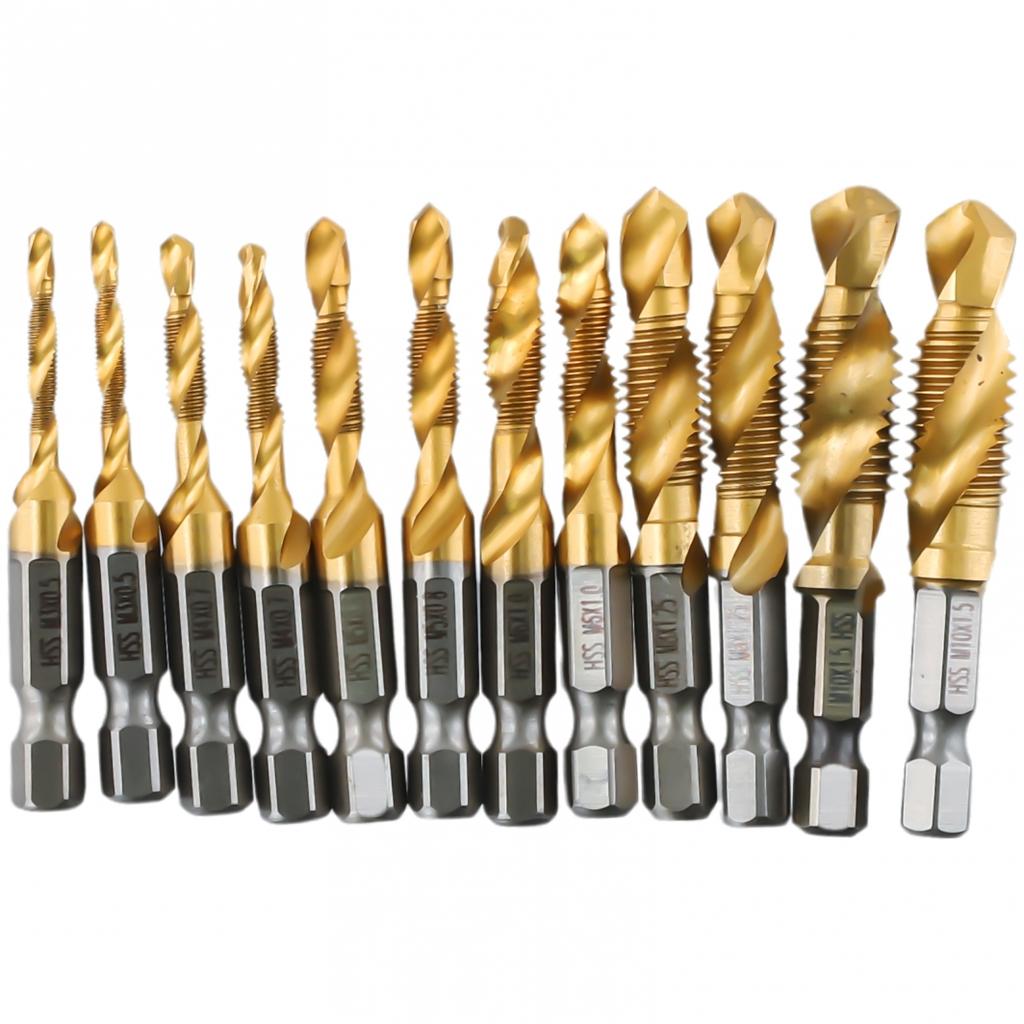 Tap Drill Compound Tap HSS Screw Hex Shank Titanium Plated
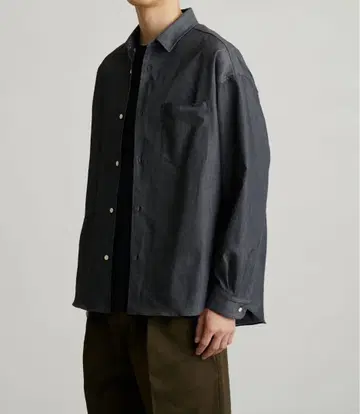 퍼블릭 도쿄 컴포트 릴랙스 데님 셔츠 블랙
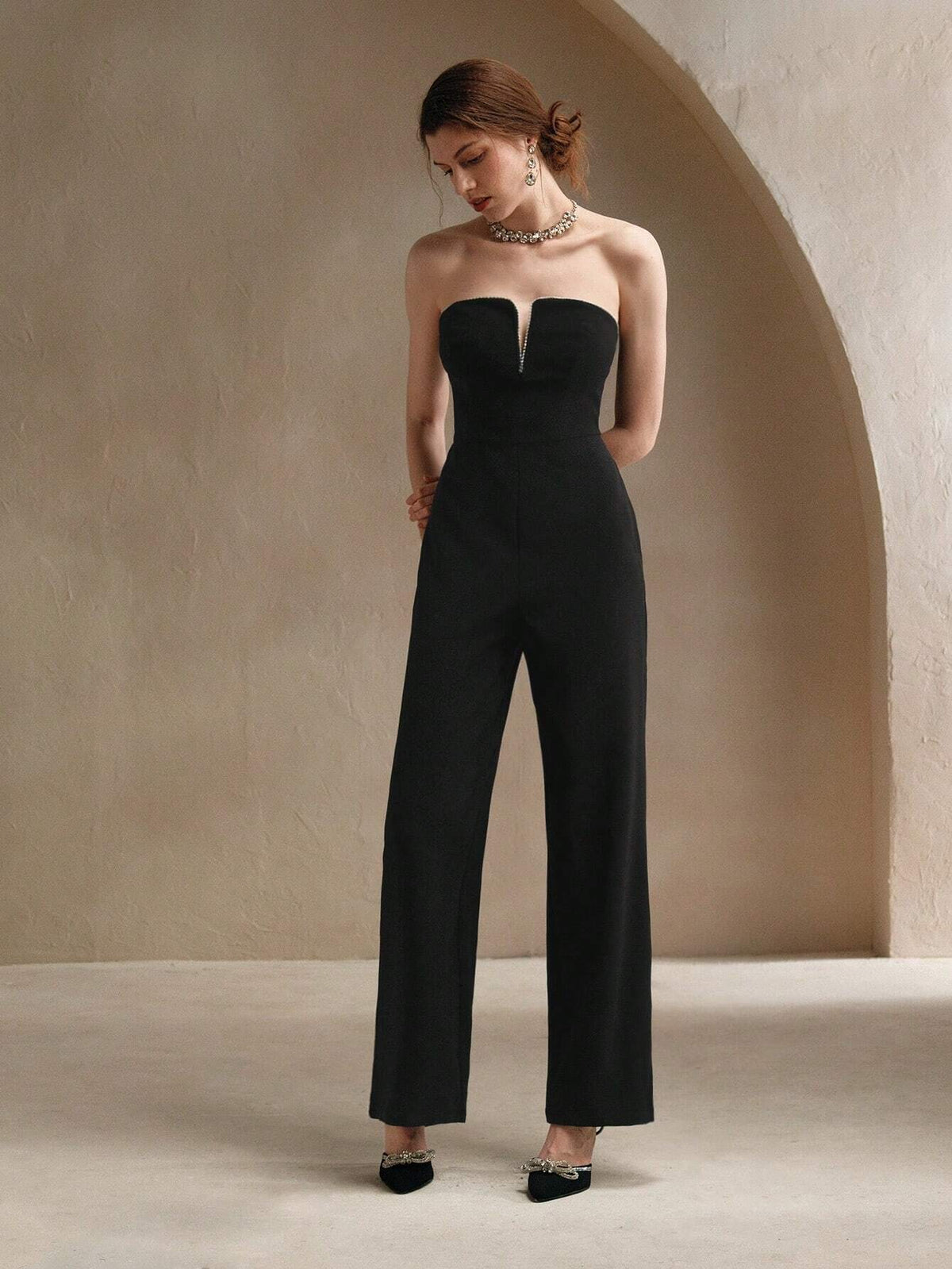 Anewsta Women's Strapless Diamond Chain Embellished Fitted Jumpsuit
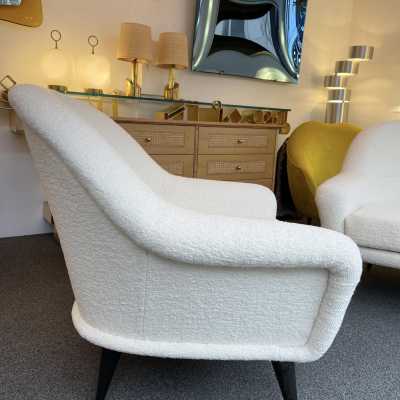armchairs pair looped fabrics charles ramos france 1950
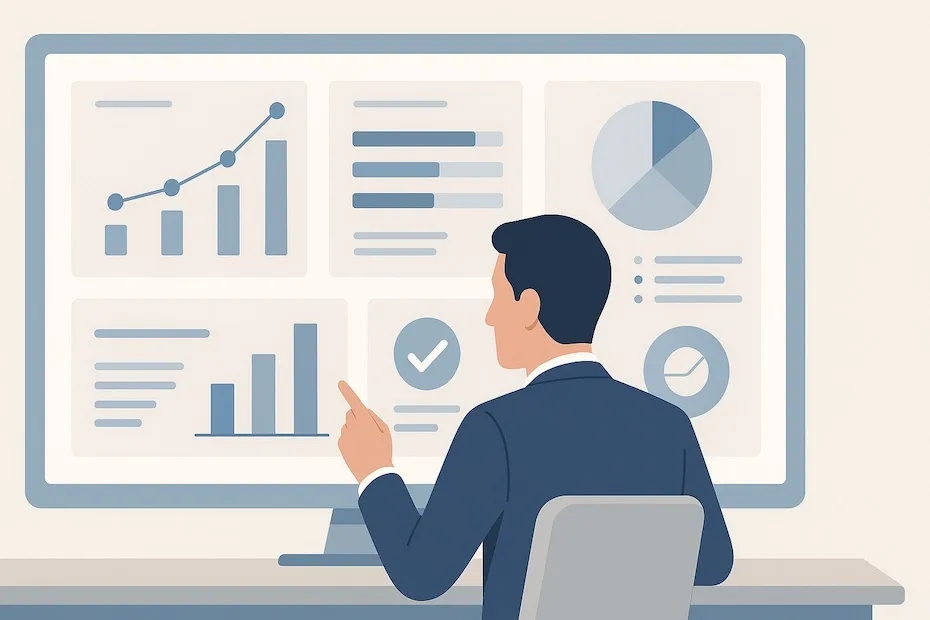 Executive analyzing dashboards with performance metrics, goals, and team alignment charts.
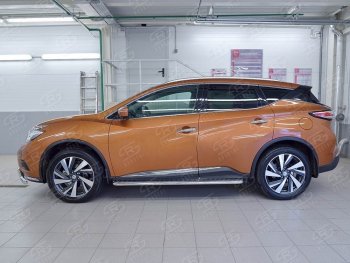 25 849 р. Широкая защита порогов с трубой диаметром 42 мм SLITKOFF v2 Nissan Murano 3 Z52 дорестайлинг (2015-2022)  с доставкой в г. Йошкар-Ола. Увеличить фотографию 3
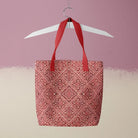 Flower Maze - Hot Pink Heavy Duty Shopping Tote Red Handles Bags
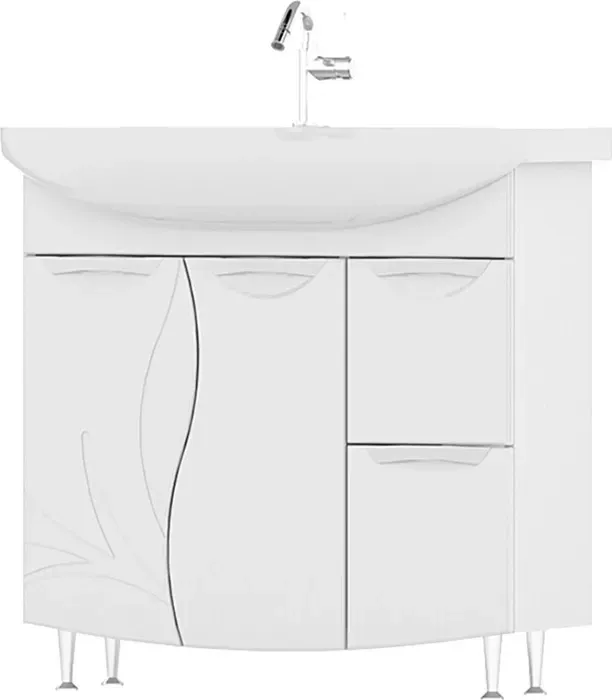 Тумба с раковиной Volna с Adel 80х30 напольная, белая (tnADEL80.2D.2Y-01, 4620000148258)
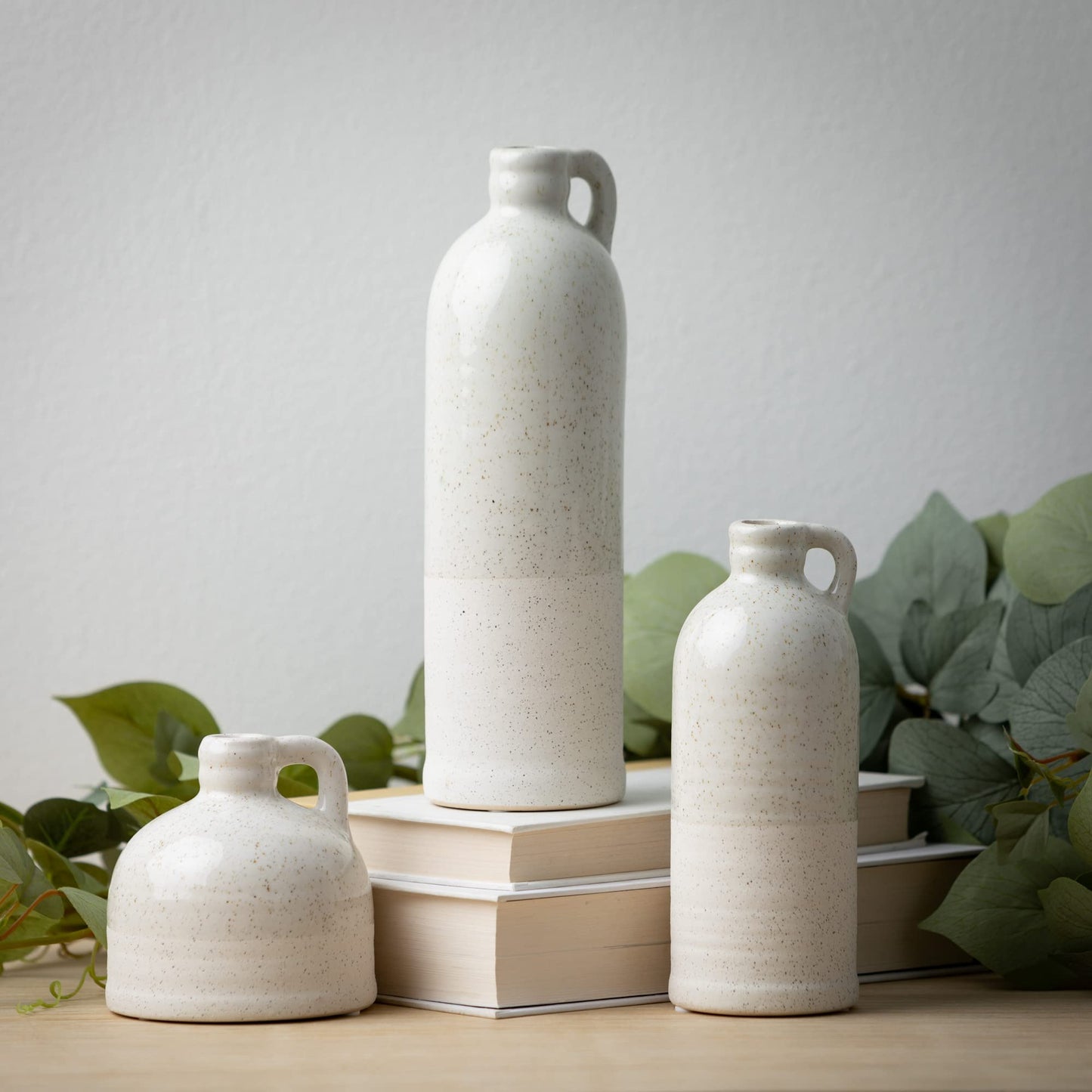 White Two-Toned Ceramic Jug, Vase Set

_PROBLEM TO WORK ON_
What should be set down is every line from the opening of the records through the line that contains "armchairs pair looped", exactly, with pictures left out.

_RESPONSE AREA_
 Tap Drill Compound Tap HSS Screw Hex Shank Titanium Plated
 퍼블릭 도쿄 컴포트 릴랙스 데님 셔츠 블랙
 Anewsta Women's Strapless Diamond Chain Embellished Fitted Jumpsuit
armchairs pair looped fabrics charles ramos france 1950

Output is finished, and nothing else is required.